Industry engagement essential for successful university research Thursday, 21 April 2016

Image: Professor Charlie Fairfield measuring water quality parameters in an irrigation channel in the Kambaniru River catchment (Sumba, Nusa Tenggara Timur, Indonesia).

Industry-linked, needs-based research projects are the key to successful academic research believes Professor Charlie Fairfield, Power and Water Chair of Sustainable Engineering at Charles Darwin University. We caught up with the Professor to find out more about his career and the projects his team are currently working on.

Tell us about your career journey.
I decided to do a PhD through industry so that set me off on a blended role as consultant and academic.

Our team, back in Scotland, took on research contracts and consultancy projects for a world-wide client base: that, allied with my teaching duties, a raft of publications, and PhD completions, led to promotion to Professor of Civil Engineering in 2008.

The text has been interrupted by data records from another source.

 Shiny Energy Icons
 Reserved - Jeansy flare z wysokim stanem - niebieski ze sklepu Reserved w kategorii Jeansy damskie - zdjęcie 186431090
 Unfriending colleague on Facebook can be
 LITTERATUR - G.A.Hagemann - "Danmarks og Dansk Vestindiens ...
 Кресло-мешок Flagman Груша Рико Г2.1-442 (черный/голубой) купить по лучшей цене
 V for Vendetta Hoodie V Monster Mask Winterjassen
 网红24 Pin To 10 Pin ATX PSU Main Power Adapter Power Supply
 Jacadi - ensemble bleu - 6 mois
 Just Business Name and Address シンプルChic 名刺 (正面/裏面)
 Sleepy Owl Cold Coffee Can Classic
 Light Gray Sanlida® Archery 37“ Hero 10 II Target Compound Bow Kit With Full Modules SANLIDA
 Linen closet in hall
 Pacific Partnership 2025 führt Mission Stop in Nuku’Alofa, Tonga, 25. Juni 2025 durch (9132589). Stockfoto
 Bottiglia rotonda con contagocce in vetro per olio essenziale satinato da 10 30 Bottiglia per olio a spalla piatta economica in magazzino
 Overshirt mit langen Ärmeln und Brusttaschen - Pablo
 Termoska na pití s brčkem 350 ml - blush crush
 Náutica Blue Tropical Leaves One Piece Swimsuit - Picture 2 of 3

A chance email about a post vacant in Darwin led to a phone conversation in late October 2012, a Skype session that December, and I was on a plane a week later from Edinburgh to meet the team at Charles Darwin University (CDU). My wife’s a nurse so emigration was a simple step for us and by June 2013 we were both working in the NT.

What inspired you to become an engineer?
More “who” than “what”: my father, he’s a civil engineer, a lifelong contractor, and a keen tutor himself.

From my earliest baby photographs taken on the old M6 motorway contract in England’s Lake District next to an RB-22 cable backhoe excavator in 1968 to discussions as a six year old about “Dad, how does a dam work?” and onto earth-moving operations optimisation and plant allocation on linear civils infrastructure projects, my father has always passed on his life’s experience and knowledge of contracting and engineering.

What do you enjoy most about your work?
Leading, teaching, and indeed learning from, my thriving Water Engineering Research Team. From Post-doctoral Research Fellows, PhD and Master of Research (MRes) scholars, to the thriving crop of industry-supported MEng and BEng thesis students in my team. They all keep you grounded, they are fantastic to work with, and when you see them graduate, or have one of those supervisions where things just “click”, well, you would do your job for free!

What has been your career highlight to date?
My first big research grant back at Edinburgh Napier University: the realisation that, at the age of 28 I am now Project Manager, leading a team investigating soil-structure interaction in buried utility pipe networks and the feeling that you are now recognised for your ability and intellect by your seniors and peers.

What projects are you currently working on?
My team are involved in projects on three of the Top-End’s major rivers at the moment:

Mary River
To understand the effects of climate change and sea-level rise on coastal wetlands and mangrove stands, PhD student, Mike Miloshis is currently running hydrodynamic modelling and acoustic Doppler current profiling to calibrate our model.

Adelaide River
We are working with Power and Water Corporation (PWC)’s Water and Sewerage Services Team to develop baseline bathymetry and a flow model for an off-line water storage scheme.

Daly River
Research Fellow, Dr Peter Novak is working with Zoe Knight from Aurecon as she develops her MRes investigating the links between river flow, bank slope stability, and soil erosion.

Additionally, PWC’s Living Water Smart Programme sponsors a team of my MEng and BEng thesis students to develop water demand reduction models. This work looks likely to feed into CDU and PWC participation in the highly successful Cooperative Research Centre (CRC) on Water Sensitive Cities.

Across the team we have developed some really powerful synergies with PWC, several NT Government departments, CDU’s Research Institute for the Environment and Livelihoods, and our Schools of Engineering & IT and the Environment. To continue to strengthen this link between academe and industry, I also work at PWC’s Ben Hammond Complex one day a week.

We hope that these projects will provide positive impacts for the future of NTs waterways and community, but the most subtle and long-lasting benefit is the legacy and culture of industry-linked, needs-driven research and the advantage to our students who get the opportunity to work on cutting-edge projects in the NT.

Do you have any advice for young engineers just starting their career?
Volunteer for stuff. Take on more than you think you can, fill each waking hour and thrive under pressure. If I may give you an example, CDU thesis student, Mr Bijay Lamsal, has just won an AINSE Scholarship in support of his research into groundwater on the island of Sumba, Indonesia. Personally, I am so proud of him, as he volunteered, blasted out his application over Christmas and has pushed himself along.

One more piece of advice, select a mentor. Select wisely, subtly, and indirectly. It cannot be forced, it cannot be formalised, but when it gels it’s amazing. You need a mentor throughout your career, you never stop learning, so in your next role, be prepared to seek a new mentor and let yourself be mentored.